Abstractions and approximations are extremely important in science, computer science included, but I am often disappointed by how little thought is given to the implications of these approximations. In comparison, getting excited about floating point error is much easier.
This is not a criticism of Sussman or his talk in any way, but just an observation on many computer engineering and computation papers.
Honestly, computer systems should be approached and treated as though they have the complexity of the physical world. They're composed of a bunch of different parts, some moving, some distant, all accumulating all sorts of interesting bottlenecks and errors at the edges. The starting assumption that a given computer system is simple and ought to yield easily to analysis and modeling is a red flag in many situations.
"Modeling error is usually several orders of magnitude greater than floating point error."
I think one could argue that this makes floating point error more dangerous. When something is off by several orders of magnitude, it tends to stand out either in the form of program failure (OOM error, etc) or in simply being able to eyeball the results and realize they can't possibly right.
When something is off by just a bit, it is something of a lurking horror. It can still bite you in the ass (especially when the error compounds over time), but it may be initially much harder to detect. Those sorts of issues worry me much more than the grander, more obvious ones.

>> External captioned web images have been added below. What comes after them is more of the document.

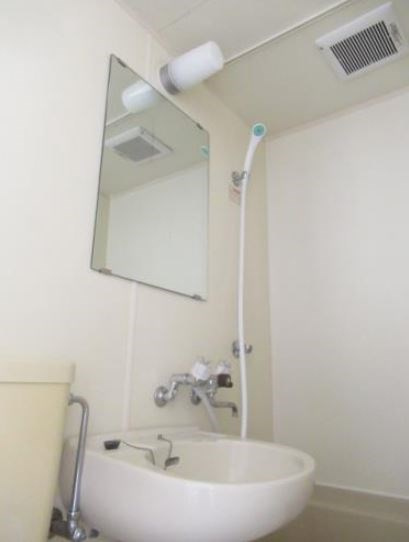 【洗面所】メゾン・ド・ジュール 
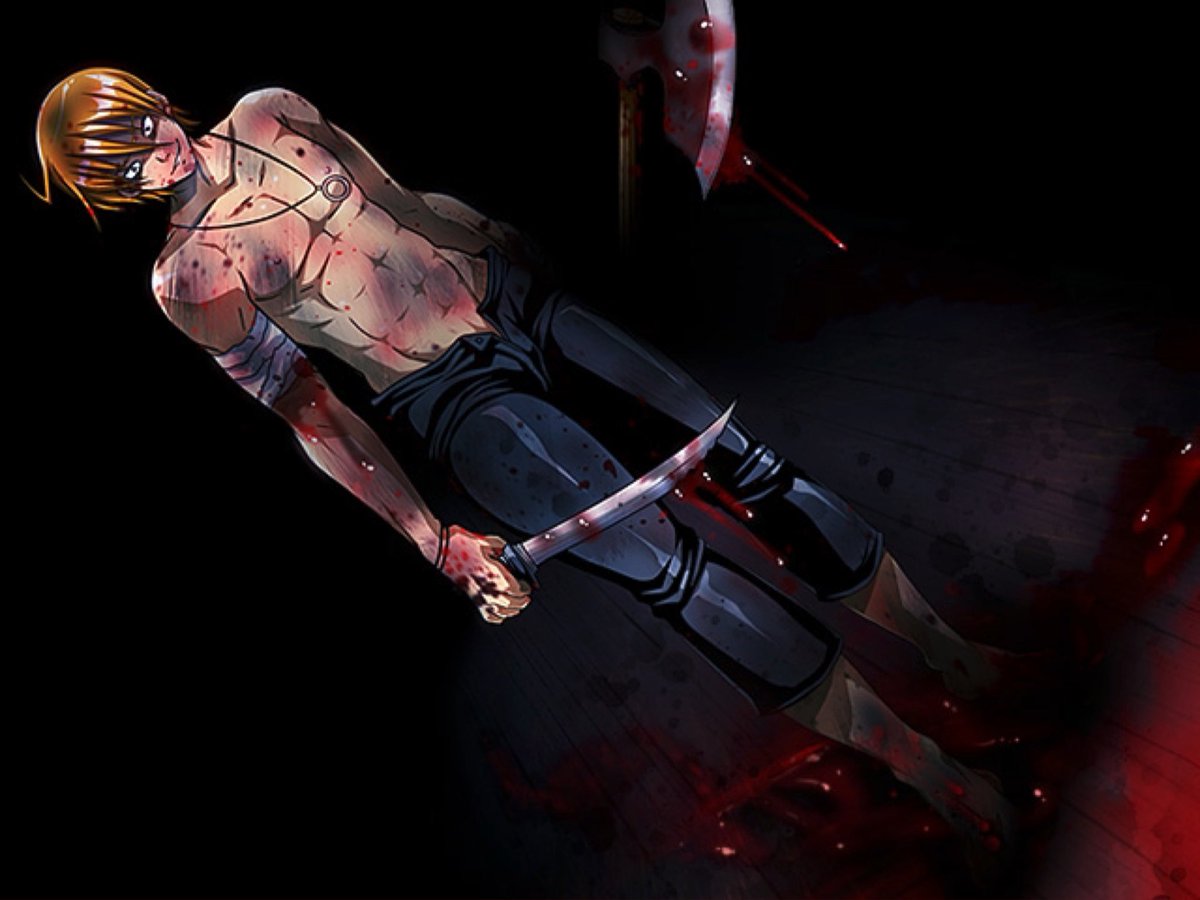 happy helloween from your favorite erotic horror jrpg 🦇🖤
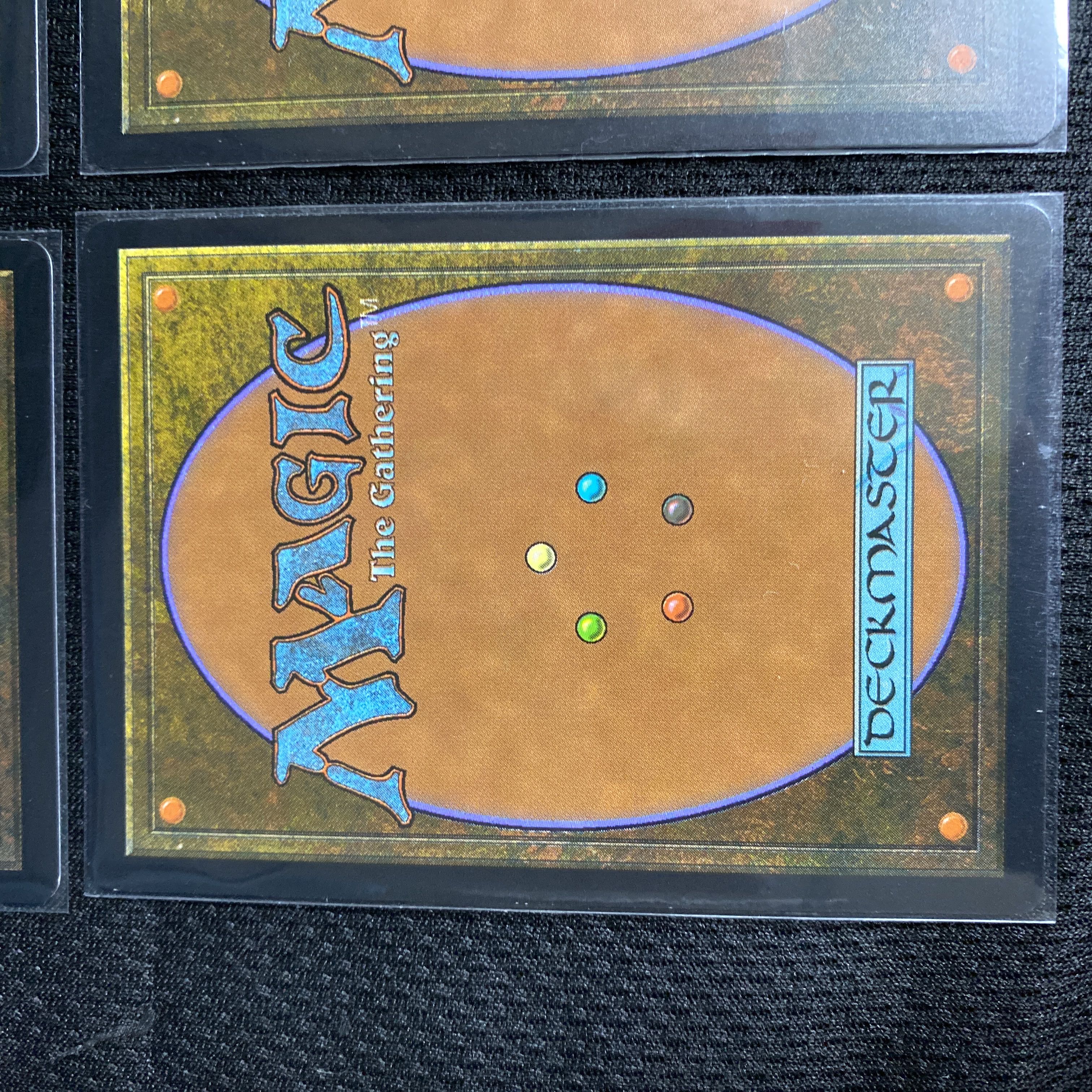 汚染された三角州/Polluted Delta 4枚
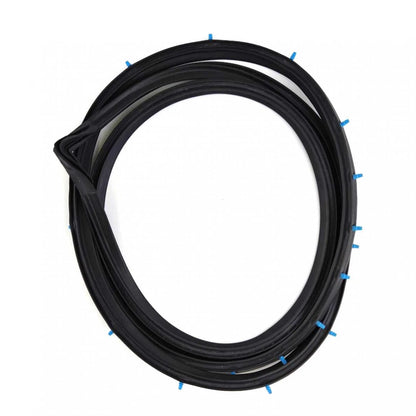Door Rubber Weatherstrip Rear LH Fits Toyota Corolla KE10 4D Sedan 1966-70 D06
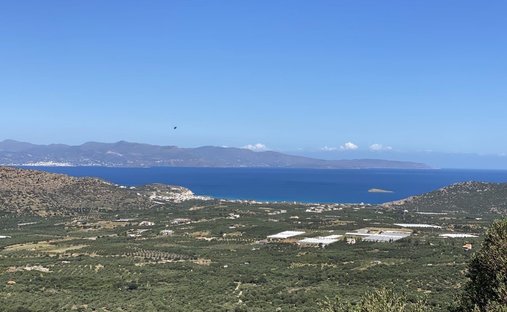 Terreno a Community of Pachia Ammos, Ierapetra, Grecia 1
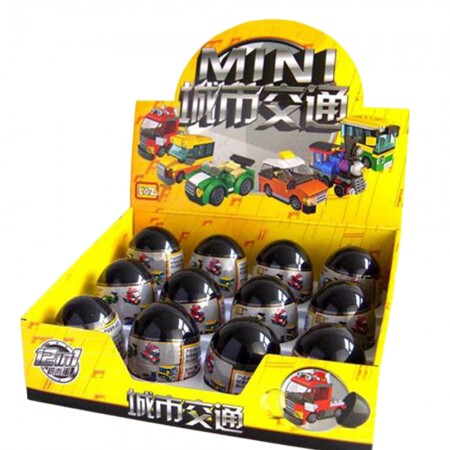 Miniatura de Montar Loz - City Transportation Series 4009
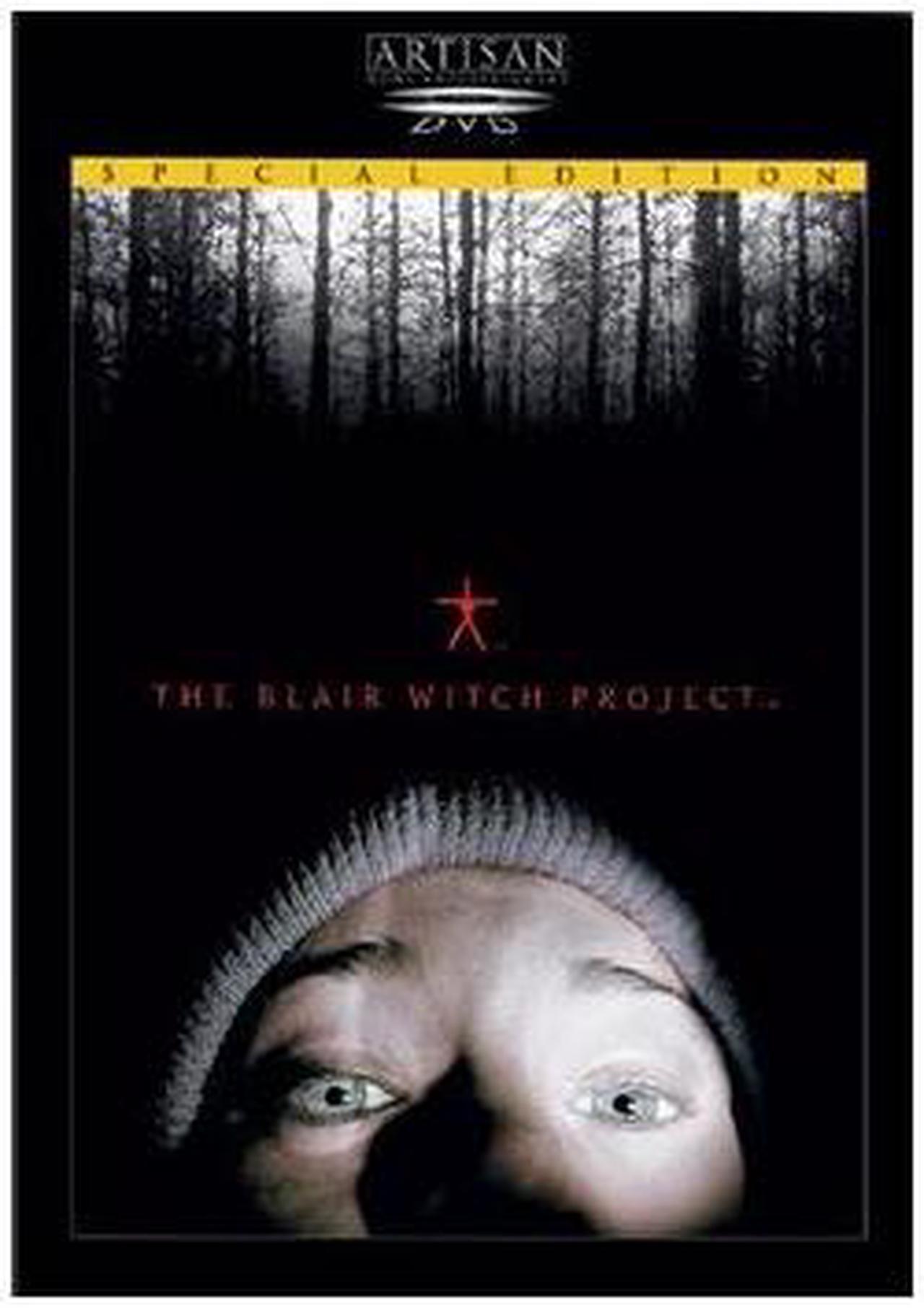 Main image of The Blair Witch Project Heather Donahue, Michael Williams, Joshua Leonard, Bob Griffith, Jim King, Sandra Sanchez, Ed Swanson, Patricia Decou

The solution to detecting and dealing with these kinds of errors was to:
1. Use common sense. The analysis was usually done to tune a design that "good engineering judgment" had already given a first approximation to. If your analysis was significantly off, you made a mistake somewhere. Good engineers always check the numbers to see if they look "wrong".
2. Compare the results with the output of using an alternate method (I was doing this at the time Boeing was just starting the transition to computer aided engineering, so it was easy to compare the results with the old ways).
3. Plug the outputs into the inverse algorithm, and you should be able to reproduce the inputs.
4. Compare the outputs against known boundary conditions. For example, you know that the sin(pi)=0, so your algorithm for sin() should reproduce that.
5. And lastly, build a prototype in the machine shop and test it.